When I was at Quantico for the FBINA I got to visit the HRT...they had recently returned their fancy Springfield .45s because their tighter tolerances and "better accuracy" meant they malfunctioned too much. What did they switch to (at least back in 2008)? The Glock.

Accuracy in a combat handgun is a bell curve issue when it comes to engagement ranges, the average shooters abilities and the weapons reliability.

The KB issue with Glocks is a bit overblown (no pun intended) and primarially an issue in .40 cal models firing major power factor reloads. Some instances of KBs also happen when the weapon fires out of battery, but ammo is the primary culprit and causes KBs in all sorts of handguns.

Sent from my SCH-I405 using Tapatalk 2


----------



## Brian R. VanCise (May 4, 2014)

I have owned Glock's for over thirty years.  I have yet to have one malfunction. (though I do keep them extremely well cleaned)  I cannot say the same for the 1911 that I own or even my revolvers.  Everyone will have there preferences but if you want reliability then you cannot do better than a Glock!  Just sayin....


----------



## ballen0351 (May 4, 2014)

Brian R. VanCise said:


> but if you want reliability then you cannot do better than a Glock!  Just sayin....



Until they explode.    I haven't even cleaned my Sig in years and never had a single issue.  
Now Smith and Wesson M and P are junk.  We have had the factory reps at our station 3 times so far.  A neighboring county police sent them all back.  We were on the verge of sending them back.


----------



## jks9199 (May 4, 2014)

Tgace said:


> When I was at Quantico for the FBINA I got to visit the HRT...they had recently returned their fancy Springfield .45s because their tighter tolerances and "better accuracy" meant they malfunctioned too much.
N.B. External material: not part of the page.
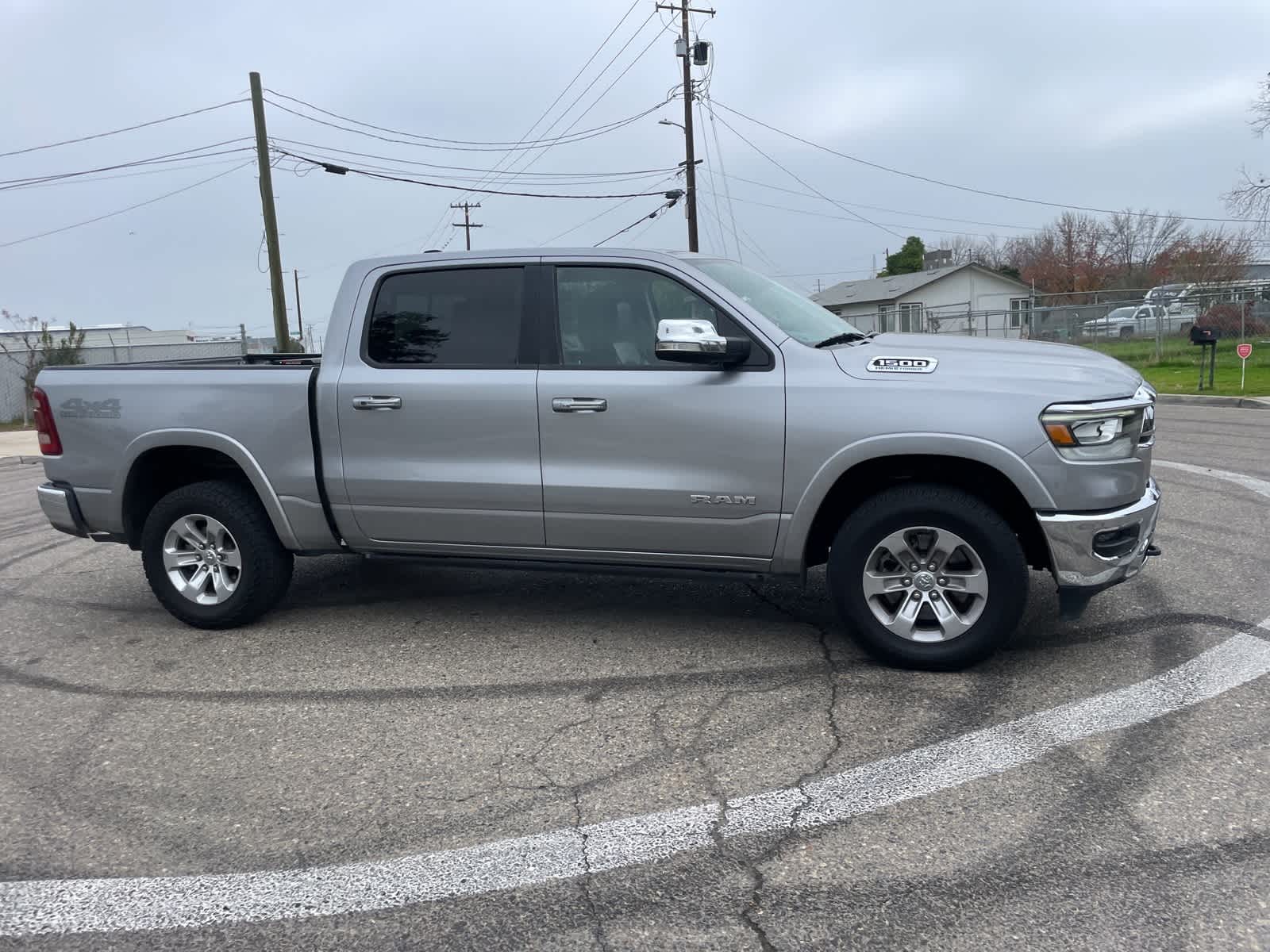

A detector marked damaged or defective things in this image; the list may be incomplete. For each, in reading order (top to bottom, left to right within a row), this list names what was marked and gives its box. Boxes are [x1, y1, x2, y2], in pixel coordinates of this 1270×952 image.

cracked asphalt [0, 403, 1264, 952]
What did they switch to (at least back in 2008)? The Glock.
> 
> Accuracy in a combat handgun is a bell curve issue when it comes to engagement ranges, the average shooters abilities and the weapons reliability.
> 
> ...



I agree.  We've had one "blow up" in a shooter's hand.  I was there; it blasted the extractor rod and magazine out, but didn't hurt his hand much.  (I know that some of the reported Glock explosive failures have caused injuries; I'm not dismissing them.)  Our initial examination found that there was a lot of gunk built up in the guts of the gun (places like the firing pin channel and the extractor rod channel that you just don't ordinarily clean without a detail inspection and cleaning), and we also suspected a hot factory load.  (It happens...)  Glock's examination found that nothing was wrong with the gun, and they blamed the ammo.  (Big surprise there...)  But that's been one gun in my personal experience out of maybe several hundred, between rookie schools and other training.


----------



## ballen0351 (May 4, 2014)

jks9199 said:


> I agree.  We've had one "blow up" in a shooter's hand.  I was there; it blasted the extractor rod and magazine out, but didn't hurt his hand much.  (I know that some of the reported Glock explosive failures have caused injuries; I'm not dismissing them.)  Our initial examination found that there was a lot of gunk built up in the guts of the gun (places like the firing pin channel and the extractor rod channel that you just don't ordinarily clean without a detail inspection and cleaning), and we also suspected a hot factory load.  (It happens...)  Glock's examination found that nothing was wrong with the gun, and they blamed the ammo.  (Big surprise there...)  But that's been one gun in my personal experience out of maybe several hundred, between rookie schools and other training.


Same thing happened.  It also cracked the barrel.  He got 7 stitches in his hand and a big chunk of metal imbedded in his safety goggles.  Glock blamed Winchester (ammo company)  Winchester blamed Glock.


----------



## wimwag (May 4, 2014)

ballen0351 said:


> Same thing happened.  It also cracked the barrel.  He got 7 stitches in his hand and a big chunk of metal imbedded in his safety goggles.  Glock blamed Winchester (ammo company)  Winchester blamed Glock.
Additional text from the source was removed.